Blinded by Love: A Trial for the Heart

Chapter 7: Awaazein

2,730 words | 14 min read

The voices started on a Tuesday.

Not real voices — I was not psychotic, I was not hearing disembodied commands from the walls or the ceiling or the radio. The voices were mine. All mine. But they had split — the single internal monologue that had accompanied me through twenty-seven years of life, the familiar running commentary of a mind talking to itself, had fractured into distinct speakers, each with a different tone, a different agenda, a different opinion on how I should feel and what I should do and who I was.

The first voice was the Prosecutor. The Prosecutor was sharp, cold, forensic — the internal voice that presented evidence of my failures with the particular relentlessness of a lawyer who did not need to win because the case was already won. The Prosecutor said things like: You drove him away. You were too intense. You ran across the platform like a desperate fool and he saw the desperation and the desperation repelled him. You cooked dal-chawal for a man who didn't ask for it and you thought the dal was love but the dal was pressure and the pressure was the reason he left. The Prosecutor did not shout. The Prosecutor was calm, measured, the particular calm of a person who was so certain of their position that volume was unnecessary.
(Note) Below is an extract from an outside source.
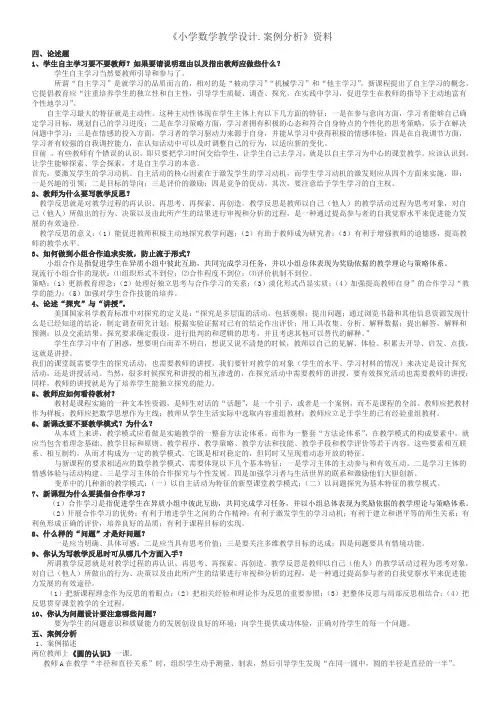 小学数学教学设计.案例分析1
The second voice was the Defender. The Defender was raw, wounded, the voice that fought back — not with logic but with pain. He said he loved spending time with you. He wrote in a book for you. He came to Pune every weekend. Those were not the actions of a man who was being pressured. Those were the actions of a man who was choosing to be with you. He left because of something inside him, not because of something you did. The Defender was emotional where the Prosecutor was analytical, the two voices arguing in my head with the particular exhausting rhythm of a debate that could never be resolved because both sides had evidence and neither side had the complete truth.

The third voice was the Committee. The Committee was not a single voice but a chorus — Amma's voice, Papa's voice, the voice of every auntie who had ever commented on my life, the collective Indian voice that lived inside every Indian woman's head whether she wanted it there or not. The Committee said: What will people think? A twenty-seven-year-old woman who can't keep a man. A woman who sent seven messages without a reply. Log kya kahenge. Your father will say you should have been more careful. Your mother will say she knew this would happen because love is a trap. The aunties at the last family wedding who asked "when is your turn, beta" — what will they say now?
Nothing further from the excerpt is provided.